Summary
In Manikan, we clarified that Walls does not preclude claims under the FDCPA when those claims are not based on a violation of a bankruptcy discharge order.
Summary of this case from Brown v. Transworld Sys.Opinion
No. 19-55393
11-25-2020
COUNSEL Ahren A. Tiller (argued), BLC Law Center APC, San Diego, California, for Plaintiff-Appellant. Leah S. Strickland (argued) and Thomas Landers, Solomon Ward Seidenwurm & Smith LLP, San Diego, California, for Defendants-Appellees.
COUNSEL Ahren A. Tiller (argued), BLC Law Center APC, San Diego, California, for Plaintiff-Appellant.

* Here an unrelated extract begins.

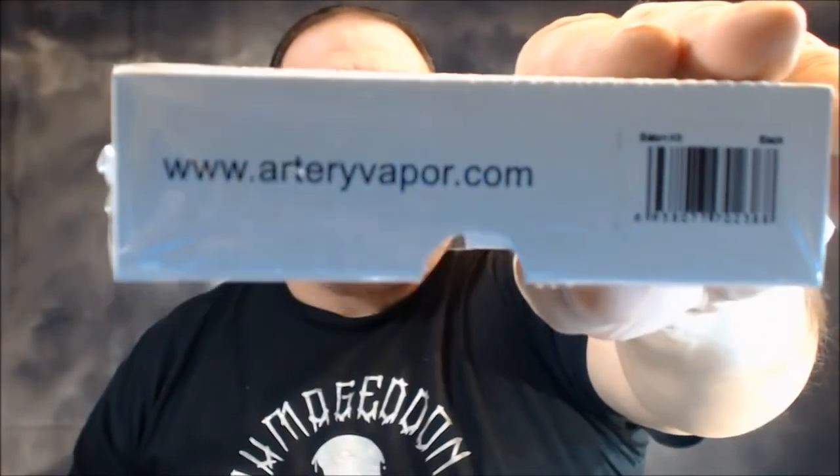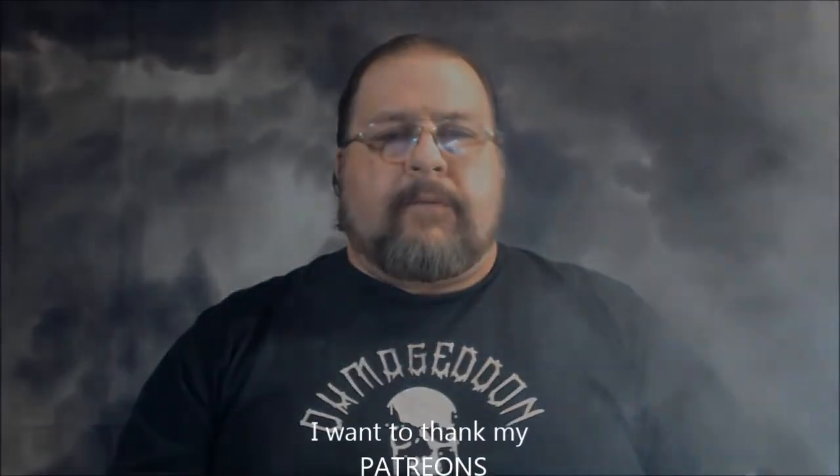I don't have prices or links because YouTube won't allow us to post them, but you can go to www.arteryvapor.com to check it out. I know some websites carry it but I couldn't find any prices. If you're interested, Google it or head over to Artery Vapor. That's going to do it for tonight folks — until next time, keep vaping.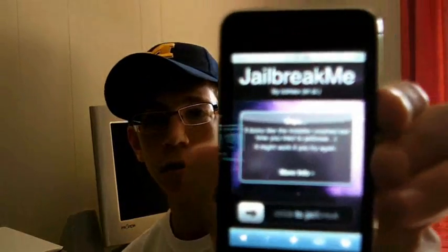Get whatever device you have, go to Safari, and type in this web address: http://jailbreakme.modmyi.com. Hit go and this website should come up.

Leah S. Strickland (argued) and Thomas Landers, Solomon Ward Seidenwurm & Smith LLP, San Diego, California, for Defendants-Appellees.

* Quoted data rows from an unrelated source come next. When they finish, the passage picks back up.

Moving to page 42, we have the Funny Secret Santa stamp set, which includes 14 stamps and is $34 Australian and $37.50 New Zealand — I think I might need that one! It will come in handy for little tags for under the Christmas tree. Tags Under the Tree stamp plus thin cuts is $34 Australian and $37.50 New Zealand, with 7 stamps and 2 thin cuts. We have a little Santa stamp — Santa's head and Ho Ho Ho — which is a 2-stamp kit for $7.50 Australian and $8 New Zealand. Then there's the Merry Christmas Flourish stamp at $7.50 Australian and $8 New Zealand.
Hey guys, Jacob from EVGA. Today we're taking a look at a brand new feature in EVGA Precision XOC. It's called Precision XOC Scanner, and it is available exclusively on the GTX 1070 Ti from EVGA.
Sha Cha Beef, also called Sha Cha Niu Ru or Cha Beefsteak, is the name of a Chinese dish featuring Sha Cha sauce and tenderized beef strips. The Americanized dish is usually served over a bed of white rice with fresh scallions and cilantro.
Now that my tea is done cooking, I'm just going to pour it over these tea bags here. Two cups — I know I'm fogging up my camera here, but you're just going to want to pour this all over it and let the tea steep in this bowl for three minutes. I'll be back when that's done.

Before: Kim McLane Wardlaw, Deborah L. Cook, and Danielle J. Hunsaker, Circuit Judges.
The Honorable Deborah L. Cook, United States Circuit Judge for the U.S. Court of Appeals for the Sixth Circuit, sitting by designation.
Opinion By Judge Hunsaker
HUNSAKER, Circuit Judge: The question in this case is whether our decision in Walls v. Wells Fargo Bank, N.A. , 276 F.3d 502 (9th Cir. 2002), precludes claims under the Fair Debt Collection Practices Act (FDCPA), 15 U.S.C. § 1692 et seq., that are not based on a violation of a bankruptcy discharge order. Because we conclude that Walls does not extend to this circumstance, we reverse and remand.
I. BACKGROUND
Vincent Manikan lives and owns a home in San Diego, California located in the Pacific Ridge Neighborhood Homeowners’ Association (HOA) to which he pays monthly HOA dues. In January 2009, he fell behind on his dues, and Peters & Freedman, LLP (P&F), a law firm acting as a debt collector for the HOA, sent Manikan notices regarding his unpaid dues. Nearly three years later, P&F recorded a "Notice of Delinquent Assessment/Lien" on the HOA's behalf with the San Diego County Recorder's Office. The notice claimed the HOA had a lien of $1,539.00 plus any additional assessment and costs for unpaid HOA dues. Thereafter, P&F recorded a "Notice of Default and Election to Sell" with San Diego County, initiating nonjudicial foreclosure proceedings.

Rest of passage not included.